With pictures left out, return only the lines from the line containing "Boligrafo borrable Labubu" through the end of the material below, both included.

▶ [DATA EXCERPT]:
──────

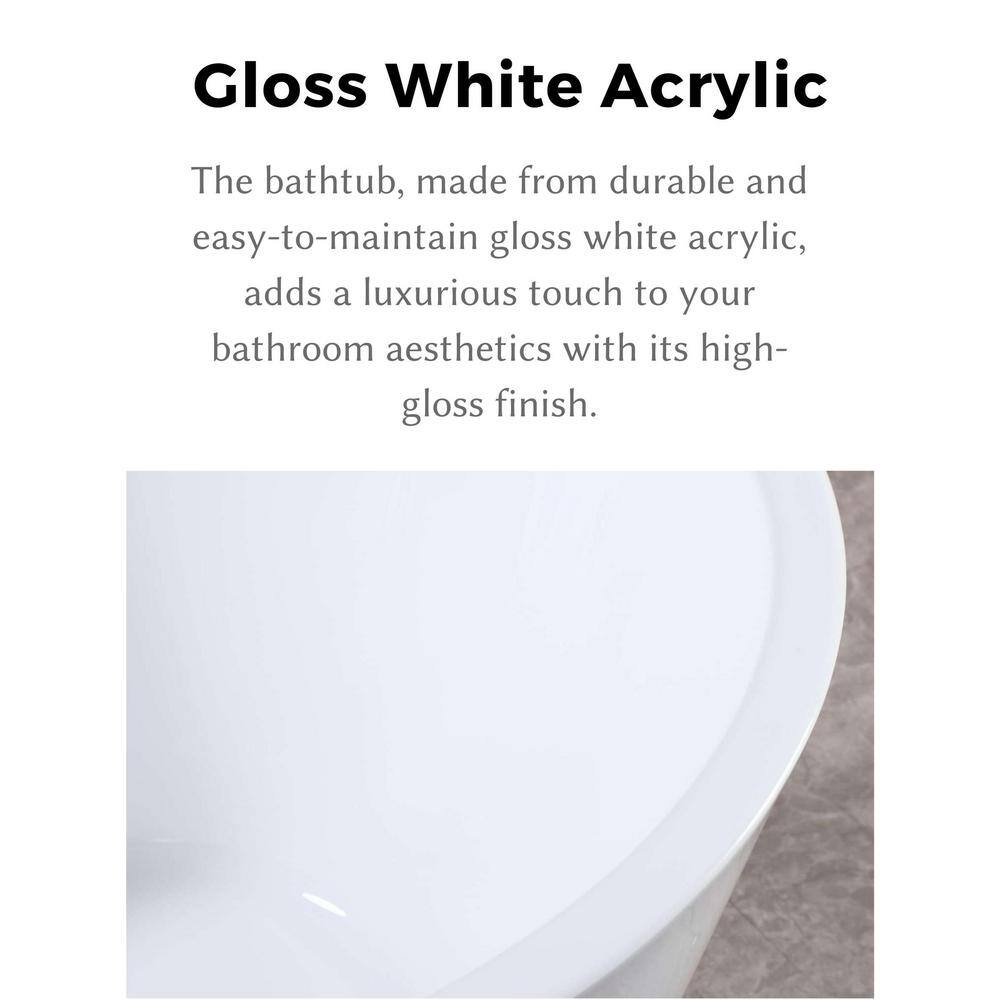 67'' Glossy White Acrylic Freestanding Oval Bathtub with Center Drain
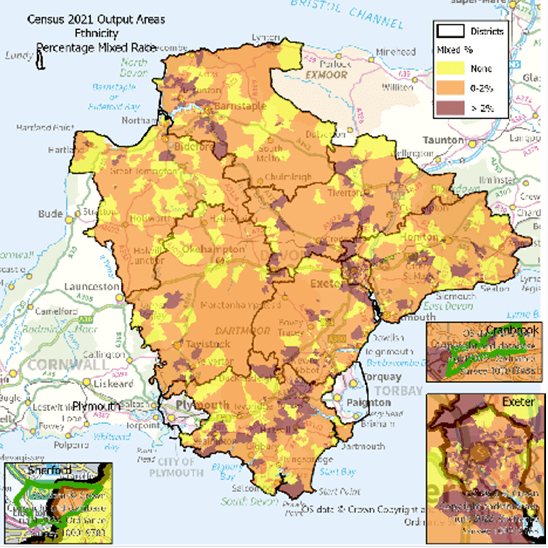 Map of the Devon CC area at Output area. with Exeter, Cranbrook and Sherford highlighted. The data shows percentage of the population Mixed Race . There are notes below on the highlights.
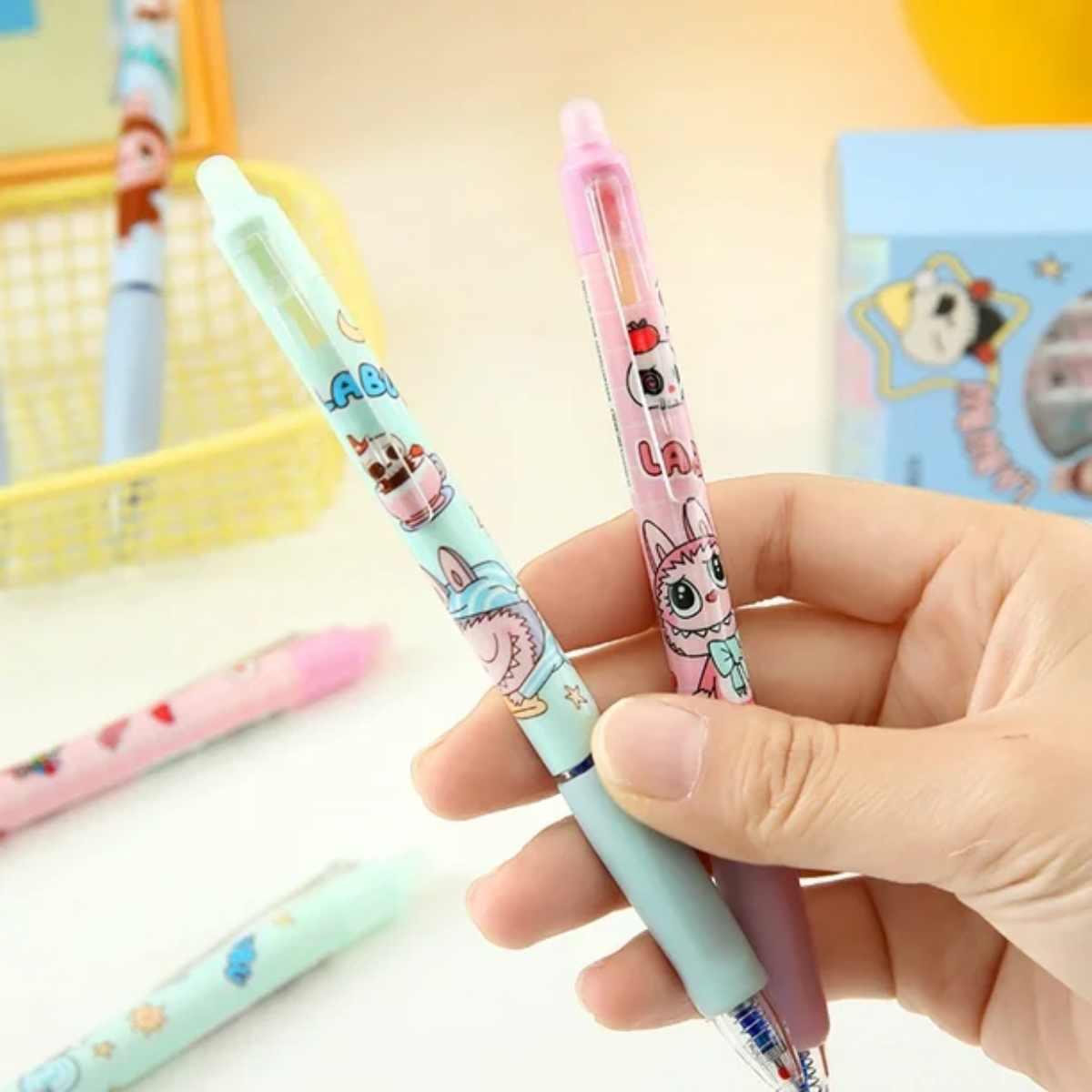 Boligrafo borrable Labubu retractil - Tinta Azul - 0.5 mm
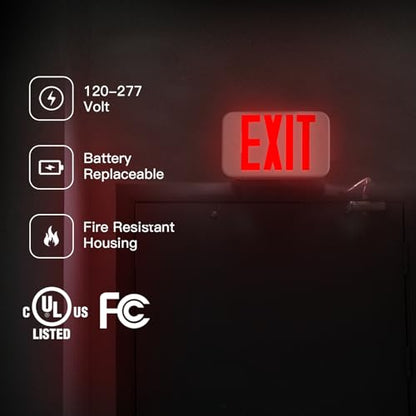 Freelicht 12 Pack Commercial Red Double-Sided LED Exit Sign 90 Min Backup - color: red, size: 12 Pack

──────

▶ [REPLY TO THE TASK]:
 Boligrafo borrable Labubu retractil - Tinta Azul - 0.5 mm
 Freelicht 12 Pack Commercial Red Double-Sided LED Exit Sign 90 Min Backup - color: red, size: 12 Pack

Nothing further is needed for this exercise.